Watch Dogs: Legion análise

É nessa altura que o jogo se torna mais divertido e motivante de embarcar nas missões propostas, já que o leque de opções para nos infiltrarmos numa determinada zona para hackear um computador ou roubar informações importantes é mais vasto, criativo e emocionante.

No entanto, a repetição torna-se rapidamente uma constante nas suas missões, assim como as áreas que vamos explorando, onde se sente um excesso de minijogos de lógica, com recurso a drones e aranhas mecânicas que, infelizmente, ajudam a quebrar o ritmo e o fator de diversão.

Watch Dogs: Legion parece ter sido lançado também com uma missão: apresentar um jogo capaz de mostrar o poder da nova geração de consolas e placas gráficas. O Ray-Tracing é o grande destaque, capaz de apresentar uma cidade muito mais realista, onde os vidros não são totalmente transparentes e apresentam alguma refletividade, onde as poças de água revelam os neons e as luzes dinâmicas dos carros e veículos que por elas passam e que, por vezes, ajudam a dar uma pequena vantagem ao jogador durante os confrontos ao ver inimigos atrás de si, graças às superfícies refletivas na sua frente.

Aliado à capacidade de produzir efeitos de luz e sombra mais naturais, Watch Dogs: Legion, em situações ideais, é belíssimo. Infelizmente, nem sempre é assim, especialmente se estivermos a falar na versão para Xbox Series S, onde tive a oportunidade de experimentar o jogo com estas tecnologias, que se estreiam na plataforma, precisamente, com Watch Dogs: Legion.

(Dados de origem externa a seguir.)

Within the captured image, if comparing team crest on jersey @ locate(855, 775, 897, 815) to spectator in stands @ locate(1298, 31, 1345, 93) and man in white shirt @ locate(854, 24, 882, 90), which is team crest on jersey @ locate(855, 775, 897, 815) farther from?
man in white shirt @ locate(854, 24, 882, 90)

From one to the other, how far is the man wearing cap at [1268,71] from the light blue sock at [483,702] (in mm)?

Com uma resolução dinâmica, no melhor cenário, o jogo tem uma qualidade de imagem brutal e os visuais são tão apelativos como imersivos. Por outro lado, em situações mais caóticas e com efeitos atmosféricos mais acentuados, como a chuva, existe um efeito negativo na qualidade de imagem, com muito desfoque e ruído. Não tem uma apresentação constante e, infelizmente, acontece com tanta frequência e severidade que acaba por nos tirar da experiência. As coisas são melhores na geração atual, nomeadamente na Xbox One X, onde a não existência de Ray-Tracing torna a experiência mais constante, mas com o pequeno sacrifício das inovações.

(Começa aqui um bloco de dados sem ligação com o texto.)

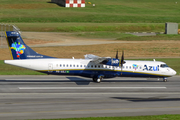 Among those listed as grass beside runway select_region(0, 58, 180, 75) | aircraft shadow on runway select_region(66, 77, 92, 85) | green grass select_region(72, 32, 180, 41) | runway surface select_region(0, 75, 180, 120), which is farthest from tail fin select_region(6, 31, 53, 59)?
green grass select_region(72, 32, 180, 41)

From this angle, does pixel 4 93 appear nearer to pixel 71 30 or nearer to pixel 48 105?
pixel 48 105

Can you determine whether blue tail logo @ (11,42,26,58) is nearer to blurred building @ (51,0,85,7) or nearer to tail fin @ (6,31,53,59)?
tail fin @ (6,31,53,59)

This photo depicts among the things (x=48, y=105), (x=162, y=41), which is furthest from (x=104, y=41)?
(x=48, y=105)

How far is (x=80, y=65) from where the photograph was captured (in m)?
38.8

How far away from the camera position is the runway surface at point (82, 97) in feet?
85.7

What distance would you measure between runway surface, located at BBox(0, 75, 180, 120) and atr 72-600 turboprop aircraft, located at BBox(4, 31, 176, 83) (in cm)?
150

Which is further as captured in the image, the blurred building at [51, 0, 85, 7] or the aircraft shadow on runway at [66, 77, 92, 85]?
the blurred building at [51, 0, 85, 7]

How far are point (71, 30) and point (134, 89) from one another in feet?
184

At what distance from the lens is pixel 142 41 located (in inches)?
3009

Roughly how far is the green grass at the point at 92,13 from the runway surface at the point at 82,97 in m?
66.1

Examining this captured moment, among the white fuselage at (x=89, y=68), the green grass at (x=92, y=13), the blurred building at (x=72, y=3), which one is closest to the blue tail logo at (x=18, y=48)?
the white fuselage at (x=89, y=68)

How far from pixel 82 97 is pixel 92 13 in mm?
92898

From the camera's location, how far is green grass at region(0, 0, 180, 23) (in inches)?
4267

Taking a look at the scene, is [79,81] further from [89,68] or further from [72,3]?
[72,3] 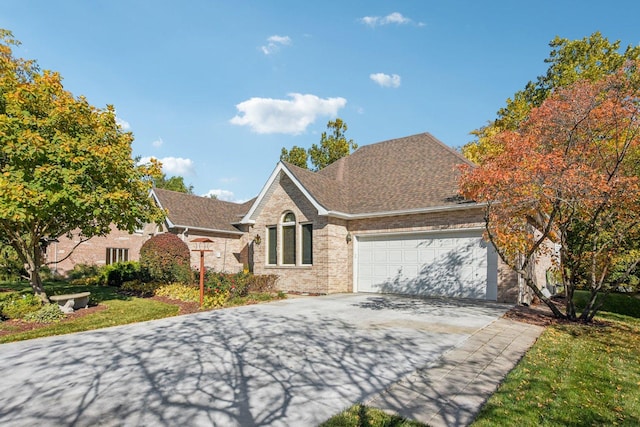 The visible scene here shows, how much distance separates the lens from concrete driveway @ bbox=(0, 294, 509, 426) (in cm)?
411

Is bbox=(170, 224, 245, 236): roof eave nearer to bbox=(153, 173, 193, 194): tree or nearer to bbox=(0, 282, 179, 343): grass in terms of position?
bbox=(0, 282, 179, 343): grass

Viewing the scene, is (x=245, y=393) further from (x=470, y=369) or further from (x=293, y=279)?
(x=293, y=279)

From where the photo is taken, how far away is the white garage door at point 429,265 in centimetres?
1304

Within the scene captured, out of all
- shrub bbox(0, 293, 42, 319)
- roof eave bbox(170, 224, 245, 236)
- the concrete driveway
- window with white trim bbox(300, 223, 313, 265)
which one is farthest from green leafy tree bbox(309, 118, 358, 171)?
shrub bbox(0, 293, 42, 319)

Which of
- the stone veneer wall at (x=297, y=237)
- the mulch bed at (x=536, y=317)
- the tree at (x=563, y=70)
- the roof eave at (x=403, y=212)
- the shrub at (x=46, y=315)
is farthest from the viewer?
the tree at (x=563, y=70)

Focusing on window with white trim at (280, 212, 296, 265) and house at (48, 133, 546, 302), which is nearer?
house at (48, 133, 546, 302)

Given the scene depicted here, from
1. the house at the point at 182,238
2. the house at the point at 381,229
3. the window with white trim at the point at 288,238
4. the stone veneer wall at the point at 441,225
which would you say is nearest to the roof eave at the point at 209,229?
the house at the point at 182,238

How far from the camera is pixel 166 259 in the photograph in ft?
51.7

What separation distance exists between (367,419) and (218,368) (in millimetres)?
2720

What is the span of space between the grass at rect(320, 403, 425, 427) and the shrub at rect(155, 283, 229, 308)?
349 inches

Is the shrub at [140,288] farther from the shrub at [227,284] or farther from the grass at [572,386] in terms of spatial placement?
the grass at [572,386]

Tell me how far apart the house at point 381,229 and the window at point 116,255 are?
7935mm

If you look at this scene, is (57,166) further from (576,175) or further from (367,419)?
(576,175)

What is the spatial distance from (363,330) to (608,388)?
175 inches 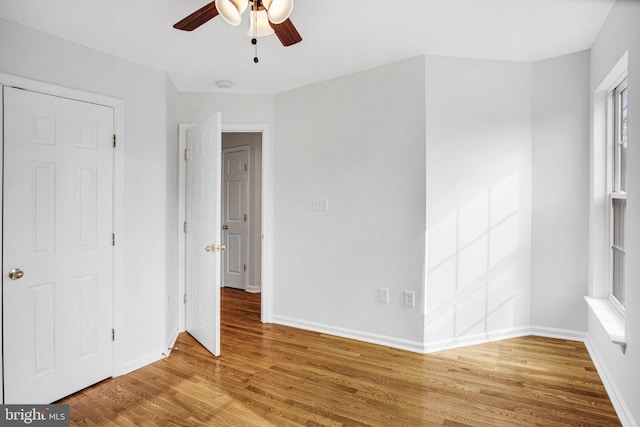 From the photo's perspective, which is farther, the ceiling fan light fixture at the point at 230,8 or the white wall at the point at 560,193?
the white wall at the point at 560,193

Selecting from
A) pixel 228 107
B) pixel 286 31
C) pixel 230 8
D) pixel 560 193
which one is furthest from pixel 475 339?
pixel 228 107

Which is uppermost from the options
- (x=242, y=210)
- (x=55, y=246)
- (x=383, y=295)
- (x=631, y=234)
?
(x=242, y=210)

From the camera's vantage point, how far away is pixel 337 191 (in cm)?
350

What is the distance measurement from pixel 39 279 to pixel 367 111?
2759 mm

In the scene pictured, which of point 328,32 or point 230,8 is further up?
point 328,32

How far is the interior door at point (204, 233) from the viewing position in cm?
305

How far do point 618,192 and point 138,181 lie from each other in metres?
3.63

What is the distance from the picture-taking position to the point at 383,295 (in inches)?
128

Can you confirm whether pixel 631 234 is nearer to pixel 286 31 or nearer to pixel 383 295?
pixel 383 295

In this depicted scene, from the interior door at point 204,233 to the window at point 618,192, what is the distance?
118 inches

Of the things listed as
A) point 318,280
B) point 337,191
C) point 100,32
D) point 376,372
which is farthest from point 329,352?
point 100,32

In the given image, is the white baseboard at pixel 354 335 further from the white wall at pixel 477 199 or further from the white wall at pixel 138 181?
the white wall at pixel 138 181

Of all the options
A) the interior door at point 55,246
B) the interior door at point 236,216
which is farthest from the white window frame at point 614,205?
the interior door at point 236,216

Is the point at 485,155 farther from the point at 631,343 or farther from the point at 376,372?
the point at 376,372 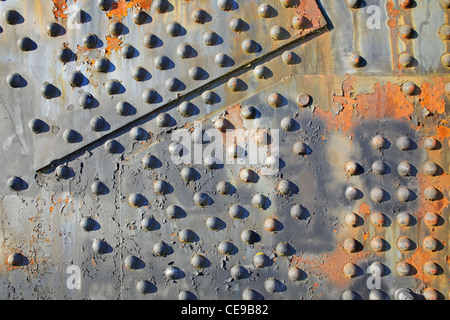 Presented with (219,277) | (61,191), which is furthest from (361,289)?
(61,191)

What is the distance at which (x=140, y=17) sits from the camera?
210 cm

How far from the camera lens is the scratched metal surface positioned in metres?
1.97

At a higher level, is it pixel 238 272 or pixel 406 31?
pixel 406 31

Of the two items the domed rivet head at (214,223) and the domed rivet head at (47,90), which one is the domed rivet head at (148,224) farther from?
the domed rivet head at (47,90)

Watch Dogs: Legion acaba por ser um jogo estranho e mais contido do que aparenta. As suas ambições estão concretizadas, mas parecem impactar demasiado a experiência e potencial do jogo, com detalhes que passarão por baixo do radar de muitos jogadores. É interessante do ponto de vista de design, mas acaba por ser um produto onde o estilo se sobrepõe à substância, com falta de identidade, rumo ou urgência.

Nota: Satisfatorio

Plataformas: PC, Xbox One, Xbox Series X e S, PlayStation 4 e PlayStation 5
Este jogo (versão Xbox) foi cedido para análise pela Xbox Portugal.